Le Président de la république qui ne s’embarrasse pas de sentiments paternels quand il s’agit de politique (Ségolène confirme) a tranché sans états d’âme.

Démissionner Le Roux, c’était le moyen pour lui de mettre Fillon devant ses responsabilités.

« You’re fired ! », comme aurait dit Donald Trump dans « The apprentice ». Et Bruno Le Roux a pris sa place dans le cortège des bannis, des proscrits, des enfants perdus du hollandisme.

Peine perdue : cela n’a rien changé à la détermination de François Fillon, plus forcené que jamais.

Lui, au moins peut compter sur le soutien indéfectible de ses enfants, un soutien sonnant et trébuchant. Comme si dans la famille Fillon l’obligation d’assistance alimentaire était inversée, on apprit le jour même de la démission de Bruno Le Roux que la fille, Marie, après avoir payé son mariage, avait aidé son père à payer ses impôts. Charmante enfant…
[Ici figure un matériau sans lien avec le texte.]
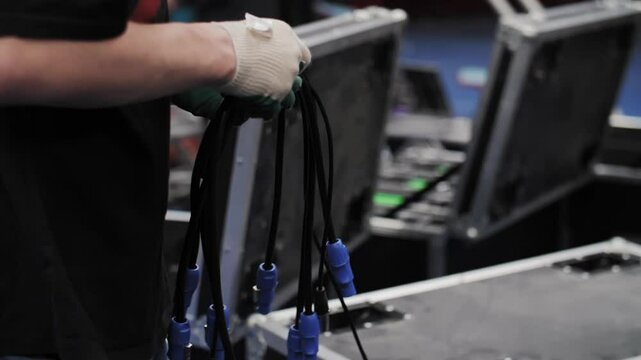 Worker holding power cables near open transport cases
C’est sans doute dans le même esprit de solidarité fiscale que Marine Le Pen s’était rendu aux impôts pour accompagner son père.

Grâce soit rendue au redressement fiscal dont ils font tous les deux l’objet car cela permit au père et à la fille de se revoir enfin. Dans les grandes familles françaises c’est bien connu, on se serre les coudes dans les moments difficiles et on se retrouve toujours au cimetière ou devant le fisc.

Heureusement que la solidarité filiale n’est pas que financière. Plutôt qu’un avis d’imposition, on raconte que Benoit Hamon garde précieusement dans la poche de sa veste le petit mot de sa fille « Vas-y papa, tu vas tous les ratatiner ! ».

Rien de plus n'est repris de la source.